Top of EXERCISE INPUTS

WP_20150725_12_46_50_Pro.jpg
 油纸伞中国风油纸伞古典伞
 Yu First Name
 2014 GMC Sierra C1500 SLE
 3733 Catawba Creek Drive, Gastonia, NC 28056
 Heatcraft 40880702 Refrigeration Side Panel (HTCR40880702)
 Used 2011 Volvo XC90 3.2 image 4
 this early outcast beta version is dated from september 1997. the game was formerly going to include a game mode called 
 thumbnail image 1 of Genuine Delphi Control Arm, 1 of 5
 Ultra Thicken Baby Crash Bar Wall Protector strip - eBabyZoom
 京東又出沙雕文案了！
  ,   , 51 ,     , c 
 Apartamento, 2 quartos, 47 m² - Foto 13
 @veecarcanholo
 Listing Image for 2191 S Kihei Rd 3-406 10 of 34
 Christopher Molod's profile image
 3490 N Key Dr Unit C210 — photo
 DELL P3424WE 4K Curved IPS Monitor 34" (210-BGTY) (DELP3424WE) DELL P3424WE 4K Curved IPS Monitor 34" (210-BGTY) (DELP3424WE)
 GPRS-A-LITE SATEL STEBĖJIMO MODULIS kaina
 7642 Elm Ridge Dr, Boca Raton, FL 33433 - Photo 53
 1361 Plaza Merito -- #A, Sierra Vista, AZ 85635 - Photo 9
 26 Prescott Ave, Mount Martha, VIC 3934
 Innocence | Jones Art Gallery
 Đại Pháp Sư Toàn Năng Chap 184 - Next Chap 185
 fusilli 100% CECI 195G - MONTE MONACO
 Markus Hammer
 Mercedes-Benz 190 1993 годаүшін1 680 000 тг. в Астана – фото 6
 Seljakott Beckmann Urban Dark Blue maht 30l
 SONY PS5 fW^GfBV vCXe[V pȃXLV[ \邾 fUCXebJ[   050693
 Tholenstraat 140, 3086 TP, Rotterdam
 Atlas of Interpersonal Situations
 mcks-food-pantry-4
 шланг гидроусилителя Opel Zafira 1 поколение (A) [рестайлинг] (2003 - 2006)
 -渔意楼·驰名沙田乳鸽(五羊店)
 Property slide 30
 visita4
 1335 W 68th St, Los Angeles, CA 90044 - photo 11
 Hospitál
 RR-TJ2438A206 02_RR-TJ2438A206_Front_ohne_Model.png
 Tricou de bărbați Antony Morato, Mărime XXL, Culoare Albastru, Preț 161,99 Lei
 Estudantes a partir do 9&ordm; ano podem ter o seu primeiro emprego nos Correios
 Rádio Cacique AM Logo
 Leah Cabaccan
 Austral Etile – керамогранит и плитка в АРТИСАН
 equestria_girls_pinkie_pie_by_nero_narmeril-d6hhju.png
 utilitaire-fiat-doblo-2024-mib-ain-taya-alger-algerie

Bottom of EXERCISE INPUTS

TASK DETAILS. Beginning with the line holding "Heatcraft 40880702 Refrigeration" and ending with the line holding "Christopher Molod's profile image", write out the stretch of material above exactly; add no further lines.

RESULT OF THIS EXERCISE.
 Heatcraft 40880702 Refrigeration Side Panel (HTCR40880702)
 Used 2011 Volvo XC90 3.2 image 4
 this early outcast beta version is dated from september 1997. the game was formerly going to include a game mode called 
 thumbnail image 1 of Genuine Delphi Control Arm, 1 of 5
 Ultra Thicken Baby Crash Bar Wall Protector strip - eBabyZoom
 京東又出沙雕文案了！
  ,   , 51 ,     , c 
 Apartamento, 2 quartos, 47 m² - Foto 13
 @veecarcanholo
 Listing Image for 2191 S Kihei Rd 3-406 10 of 34
 Christopher Molod's profile image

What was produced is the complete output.